Forrest General Nurse Reunites Patient with Family During Silver Alert
Amber Chancelor, PhD, RN, CHPN ®, had enjoyed a beautiful Saturday evening shopping and running errands when she stepped into At Home in Hattiesburg. Chancelor made casual small talk with the associate as she paid for her items, when the associate sighed and commented that she was concerned about one of the other customers in the store. After the clerk described him, Chancelor recognized the elderly gentleman she had spoken to when she entered the store.
Chancelor said, “About that time, he came and sat down behind us. I thought the best thing to do would be to just engage in conversation with him and see if something was going on.”
After asking a few questions, Chancelor realized the man was confused and began to suspect he might suffer from dementia. Fortunately, the man had a cell phone, and Chancelor was able to call his wife.
“I cannot describe the amount of relief I heard in her voice. She said they had been looking for him all day. They had put out pictures and a Silver Alert trying to find him. I asked the store employees to call the mall security, and they came along with the Hattiesburg Police Department. To make a long story short, someone from his family came to pick him up, and he’s safe at home with his family on the Coast,” said Chancelor.

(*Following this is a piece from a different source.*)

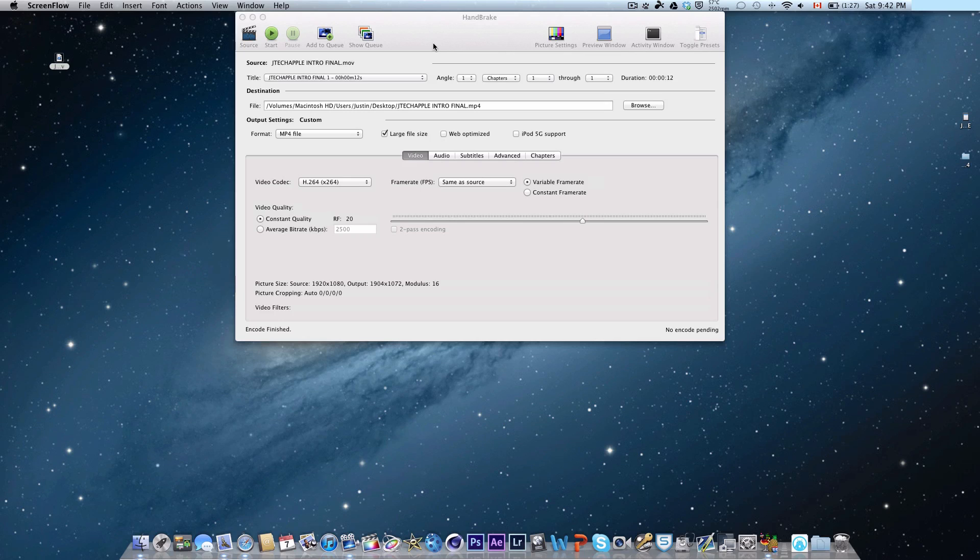Hey guys, this is Noah with JTagApple here and today I'm going to show you guys how to speed up your YouTube video upload times. As you know, the video upload time is dependent on both your network upload speed as well as the file size of the video you're trying to upload.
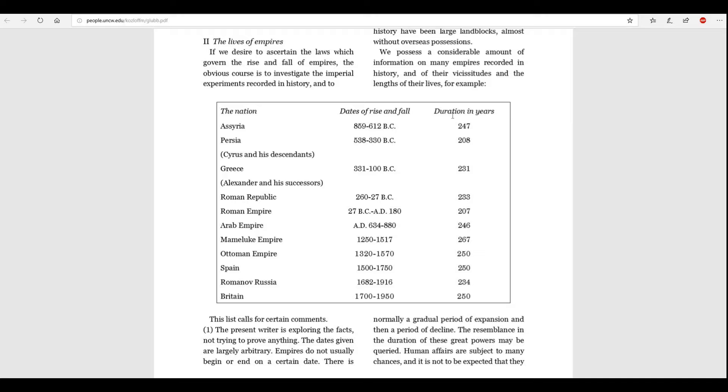So, Sir John Glubb here makes fascinating truths come out. Most empires or superpowers last for around 200 to 250 years. Obviously, from his chart, the shortest one is Persia from 208 years, Assyria, 247, Greece, 231, the Roman Republic, 233, Roman Empire, 207, the Arab Empire, 246, Mamluk Empire, 267, the Ottoman Empire at exactly 250, as well as Spain, the Roman of Russia, 234, with Britain, at the time of this writing is also at 250. So, very interesting.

As a nurse and with her current position as director of Palliative Care and Support Services at Forrest General Hospital, Chancelor has experience speaking with individuals with illnesses such as dementia. She says her awareness and persistence helped her get the answers she needed.
“He seemed like he needed some help, and I felt very safe about helping him. With the store closing, I definitely didn’t want him out on his own if something wasn’t right. Obviously, the store associates picked up that something wasn’t exactly right, but I felt they didn’t know how to handle the situation. He was very sure that he knew where he was and that he didn’t need any help. Maybe it was some of my nursing background that picked up on the fact that he had some confusion. I just had to keep pressing on even though he was telling me all the right things to make me leave him alone,” Chancelor said.
According to the Alzheimer’s Association, six out of ten people with dementia are prone to wandering, and this may happen at any stage. While it is common for people with dementia to wander and become disoriented and lost, it is also very dangerous.
“Alzheimer’s and other forms of dementia can be difficult for caregivers, and patients often wander regardless of how vigilantly their family members look after them. It is important to have strategies in place to prevent wandering and an action plan of what to do if it happens. There are many resources available to help including support groups where you can learn from other caregivers or your physician, who can help you formulate a plan,” said Ronald L. Schwartz, MD, CPI, director of Memory Center at Hattiesburg Clinic.
According to Dr. Schwartz, here are a few tips to help with a loved one who wanders:
- Keep an updated picture of your loved one in case a Silver Alert is needed
- Get an Alzheimer’s disease medical alert bracelet for them to wear at all times.
- Install alarms and locks on exterior doors. There are door stopper alarms that will prevent the door from opening and sound an alarm.
- Purchase a GPS/tracking watch or Tile. There are several options originally designed for tracking kids or automobiles.
- Avoid caffeine or other stimulants in the late afternoon or evening.
- Encourage daytime activity/exercise in order to improve sleep and restfulness at night.
- Discuss the issue with your physician as there may be medications which will help with this behavior.